Reproduce the entries exactly, beginning with the line containing "Horze Young Rider Brighton høje ridestøvler" and ending with their last line, both included.
-------- Recorded data --------
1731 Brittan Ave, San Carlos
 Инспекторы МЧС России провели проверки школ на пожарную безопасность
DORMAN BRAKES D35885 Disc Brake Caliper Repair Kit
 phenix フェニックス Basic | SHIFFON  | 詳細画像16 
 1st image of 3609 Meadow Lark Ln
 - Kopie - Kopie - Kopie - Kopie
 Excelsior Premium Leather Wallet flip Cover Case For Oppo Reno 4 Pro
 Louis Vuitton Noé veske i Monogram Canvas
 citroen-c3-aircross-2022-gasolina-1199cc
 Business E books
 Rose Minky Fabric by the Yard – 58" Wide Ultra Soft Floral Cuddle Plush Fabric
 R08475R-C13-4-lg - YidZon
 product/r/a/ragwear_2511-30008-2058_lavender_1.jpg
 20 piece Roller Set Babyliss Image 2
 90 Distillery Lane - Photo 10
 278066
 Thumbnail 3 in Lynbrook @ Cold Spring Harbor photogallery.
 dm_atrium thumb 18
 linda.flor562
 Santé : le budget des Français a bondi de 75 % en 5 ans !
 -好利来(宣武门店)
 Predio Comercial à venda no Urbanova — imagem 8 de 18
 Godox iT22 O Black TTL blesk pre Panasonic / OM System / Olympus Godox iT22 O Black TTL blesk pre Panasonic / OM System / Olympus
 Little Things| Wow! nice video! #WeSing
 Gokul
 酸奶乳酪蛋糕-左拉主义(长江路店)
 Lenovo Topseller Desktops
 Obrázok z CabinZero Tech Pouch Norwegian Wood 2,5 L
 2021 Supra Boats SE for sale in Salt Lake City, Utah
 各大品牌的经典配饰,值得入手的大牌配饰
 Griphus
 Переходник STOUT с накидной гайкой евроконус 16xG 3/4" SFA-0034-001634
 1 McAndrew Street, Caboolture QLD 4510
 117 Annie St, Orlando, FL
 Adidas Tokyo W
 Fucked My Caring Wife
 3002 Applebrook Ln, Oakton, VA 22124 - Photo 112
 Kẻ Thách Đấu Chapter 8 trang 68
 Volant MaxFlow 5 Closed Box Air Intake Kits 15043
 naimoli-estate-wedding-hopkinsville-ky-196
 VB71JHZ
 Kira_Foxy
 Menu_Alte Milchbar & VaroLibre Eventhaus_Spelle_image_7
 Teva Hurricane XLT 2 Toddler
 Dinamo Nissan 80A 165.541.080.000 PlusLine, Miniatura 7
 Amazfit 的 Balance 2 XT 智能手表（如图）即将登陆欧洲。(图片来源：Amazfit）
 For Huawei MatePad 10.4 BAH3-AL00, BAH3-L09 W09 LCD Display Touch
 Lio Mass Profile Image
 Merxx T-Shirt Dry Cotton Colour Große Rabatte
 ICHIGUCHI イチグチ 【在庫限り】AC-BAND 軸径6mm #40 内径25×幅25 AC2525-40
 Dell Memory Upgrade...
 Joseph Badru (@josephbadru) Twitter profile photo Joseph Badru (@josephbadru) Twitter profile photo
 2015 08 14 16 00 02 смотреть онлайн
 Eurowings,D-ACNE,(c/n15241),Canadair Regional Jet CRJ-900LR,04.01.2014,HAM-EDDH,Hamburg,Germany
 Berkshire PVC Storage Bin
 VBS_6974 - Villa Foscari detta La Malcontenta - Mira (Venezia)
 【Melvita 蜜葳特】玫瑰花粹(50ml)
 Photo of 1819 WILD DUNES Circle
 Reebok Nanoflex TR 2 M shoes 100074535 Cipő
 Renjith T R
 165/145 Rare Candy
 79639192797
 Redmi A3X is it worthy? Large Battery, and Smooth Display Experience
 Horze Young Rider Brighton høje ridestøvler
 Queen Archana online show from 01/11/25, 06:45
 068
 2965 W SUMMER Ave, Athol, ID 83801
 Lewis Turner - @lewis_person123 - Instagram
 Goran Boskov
--------
:: Exercise answer ::
 Horze Young Rider Brighton høje ridestøvler
 Queen Archana online show from 01/11/25, 06:45
 068
 2965 W SUMMER Ave, Athol, ID 83801
 Lewis Turner - @lewis_person123 - Instagram
 Goran Boskov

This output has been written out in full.